We reprint this piece in anticipation of July 4 and in memory of its author, Jim Reapsome, who died earlier this week. Jim was a long-time member of College Church, award-winning journalist, missiologist, pastor and beloved husband to Martha. May it serve as a sort of swan song from a leader in Christian missions and journalism. Though written many years ago, the truths of our Christian identity still apply.
The staff of a seminary in Africa threw a big graduation ceremony and party. Government ministers and foreign ambassadors came to the event. One of the American missionary wives baked a chocolate cake. An African who had been to the U.S. tasted her cake and said to her husband, "I tasted something American about it in the very first mouthful."
Write that down as another new slant on cultural sensitivity. Apparently our missionaries even taste American. If our cakes have that unmistakable American taste, what about our gospel, our programs, our way of doing things? No matter how hard we try, we cannot shed our Americanism like a snake sheds its skin.
However, we say that our gospel is transcultural. It's universally applicable. It fits any people, anywhere, any time.

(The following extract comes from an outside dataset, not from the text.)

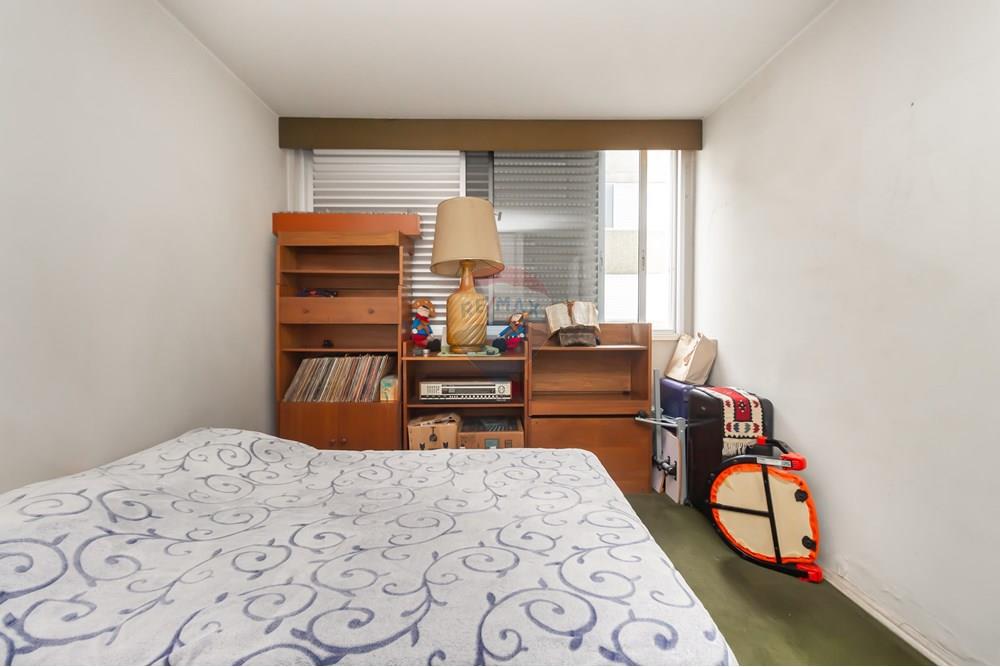 Apartamento - Venda - São Paulo , São Paulo - IMG_010614.jpg - 601081048-28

Jesus said people everywhere must hear his good news. He did not limit his mission to one people, language, religion, or culture.

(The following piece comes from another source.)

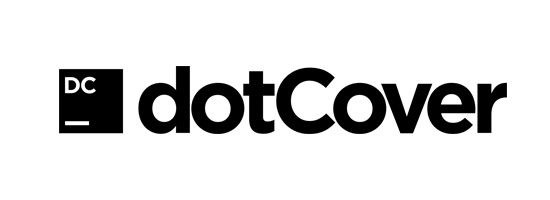 dotCover logo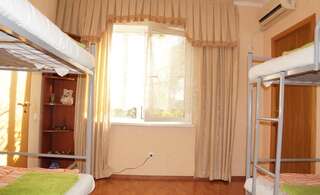 Гостиница Хостел Виктори Сочи Номер "Стандарт"-27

Therefore, Christians continually fight to take America out of their cake. Their fight rages not only in Africa but in the United States, where the gospel makes little sense because of the inroads of popular culture and biblical illiteracy. We cannot assume that anyone knows anything about simple Bible stories, let alone the reason why Jesus came, died, and rose again.

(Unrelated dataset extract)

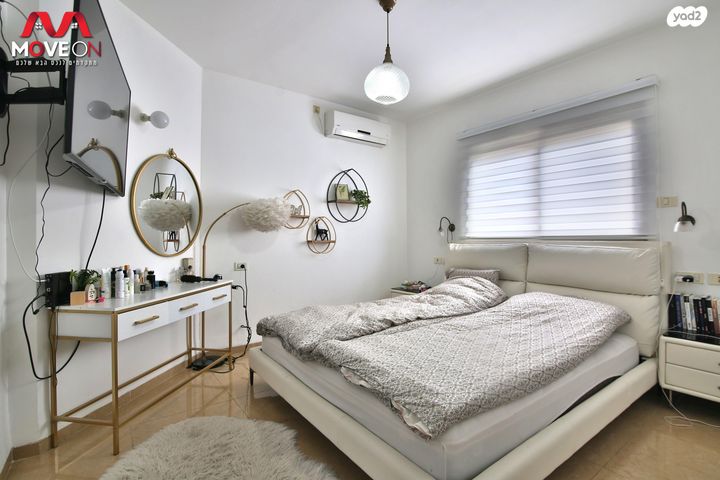 בית פרטי/ קוטג', האלון 1, מגדל, מגדל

For example, I listened to a sermon that included repeated references to "the old man," without any explanatory comments. I began to think about the multitude of meanings the old man could possibly have in that audience. We have to make sure our biblical and cultural terms really mean something in today's world.
Of course, we cannot remove basic Christian ideas from our language. We cannot risk stripping the gospel of its deep-seated theology about sin, salvation, and judgment. We face the difficult task of taking things that are hard to understand and making them understandable, whether in Africa or the U.S. But before we try to do it in Africa, we should have some success doing it in America.
We can never take America out of our cake, but in our presence and in our proclamation we must bend over backwards to avoid the smell of America. For thing, America smells bad in many parts of the world because of the sensual, materialistic culture we have exported. It's even worse because this bad odor emanates from a country that is part Christendom.
Therefore, as gospel messengers we live so that people can distinguish our lifestyles from what they see and read about. We are sorely tested to follow a different standard, one set by Jesus, not by our culture.
Jesus said that he lives in us so that people will get some idea of who he is and why he came. People want to see Jesus. They may not understand our theology at first, but if they see Jesus in us we will have ample opportunities to tell them why we love and serve him.
When I was a kid, growing up in Hershey, PA, I loved to tour the chocolate factory and watch those giant granite rollers smashing through huge vats of milk chocolate. Back and forth, back and forth, they relentlessly made sure Hersheys was the smoothest chocolate on the market. The presence of tiny bits of granite never inhibited my consumption of Hershey bars.
For sure, some of America will always be in our gospel cakes. That's okay. People will eat them if they taste our integrity, love, understanding, acceptance, and patience. Our job is to see that the taste overrules any foreign elements in our cakes.